Flaky Test Detection

Set up automated flaky test detection to identify unreliable tests in your CI pipeline and improve test suite reliability.

Flaky test detection helps you identify tests that produce inconsistent results on the same code, allowing you to improve the reliability of your test suite and reduce false positives in your CI pipeline.

Understanding Flaky Tests

A flaky test is one that has different conclusions on the same SHA1. For example, if a test runs twice on the same commit and once fails while the other succeeds, it’s considered flaky because the outcome is not consistent with the same code.

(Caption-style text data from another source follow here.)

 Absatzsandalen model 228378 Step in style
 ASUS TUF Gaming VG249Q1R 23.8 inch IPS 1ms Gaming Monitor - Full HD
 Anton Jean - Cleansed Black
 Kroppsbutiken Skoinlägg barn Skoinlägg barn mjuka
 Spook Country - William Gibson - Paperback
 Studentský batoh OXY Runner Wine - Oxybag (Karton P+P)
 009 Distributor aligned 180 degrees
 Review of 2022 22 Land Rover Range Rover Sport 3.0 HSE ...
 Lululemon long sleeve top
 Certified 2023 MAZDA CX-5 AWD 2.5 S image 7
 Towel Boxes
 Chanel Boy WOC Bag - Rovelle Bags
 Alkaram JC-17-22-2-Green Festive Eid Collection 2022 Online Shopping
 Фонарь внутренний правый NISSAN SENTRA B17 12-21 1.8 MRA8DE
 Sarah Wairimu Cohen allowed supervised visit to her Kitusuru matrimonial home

Flaky tests are problematic because they:

Create false positives that block legitimate deployments
Reduce confidence in your test suite
Waste developer time investigating non-issues
Can mask real bugs when they fail intermittently

How Flaky Detection Works

Flaky test detection works by running your test suite multiple times on the same commit. When tests produce different results (pass/fail) across these runs on identical code, they are flagged as flaky. This approach helps identify tests that are unreliable and may cause false positives or negatives in your CI pipeline.

Setting Up Flaky Test Detection

To effectively detect flaky tests, you need to run the same tests multiple times on the same code (identified by the SHA1 of the repository). This section explains how to set up your CI to systematically detect flaky tests.

Prerequisites

Before setting up flaky test detection, ensure you have:

Enabled CI Insights for your repository
Set up your MERGIFY_TOKEN in GitHub Actions secrets
Configured test integration (e.g., pytest-mergify or mergify cli upload) for your test framework

GitHub Actions Setup

The recommended approach is to use a scheduled workflow that runs your test suite multiple times on the default branch. Here’s an example configuration that runs tests twice daily with 5 parallel executions:

name: Continuous Integration
on:
  pull_request:
  schedule:
    - cron: '0 */12 * * 1-5'  # Every 12 hours, Monday to Friday

jobs:
  test:
    runs-on: ubuntu-latest
    strategy:
      matrix:
        run: [1, 2, 3, 4, 5]  # Run the same tests 5 times in parallel
      fail-fast: false  # Don't cancel other runs if one fails

    steps:
      - name: Checkout
        uses: actions/checkout@v4

      - name: Setup your environment
        # Add your specific setup steps here (Python, Node.js, etc.)

      - name: Run Tests
        env:
          MERGIFY_TOKEN: ${{ secrets.MERGIFY_TOKEN }}
          RUN_COUNT: 5  # Number of times to run each test
        run: |
          # Run your test suite multiple times to detect flakiness
          set +e
          failed=0
          for i in $(seq "$RUN_COUNT"); do
            # Replace this with your actual test command
            # Examples:
            # pytest tests/
            # npm test
            # go test ./...
            your-test-command
            exit_code=$?
            if [ $exit_code -ne 0 ]; then
              failed=1
            fi
          done
          exit $failed

name: CI
on:
  pull_request:
  schedule:
    - cron: '0 */12 * * 1-5'  # Every 12 hours, Monday to Friday

jobs:
  test:
    runs-on: ubuntu-latest

    steps:
      - uses: actions/checkout@v4

      - name: Setup your environment
        # Add your specific setup steps here (Python, Node.js, etc.)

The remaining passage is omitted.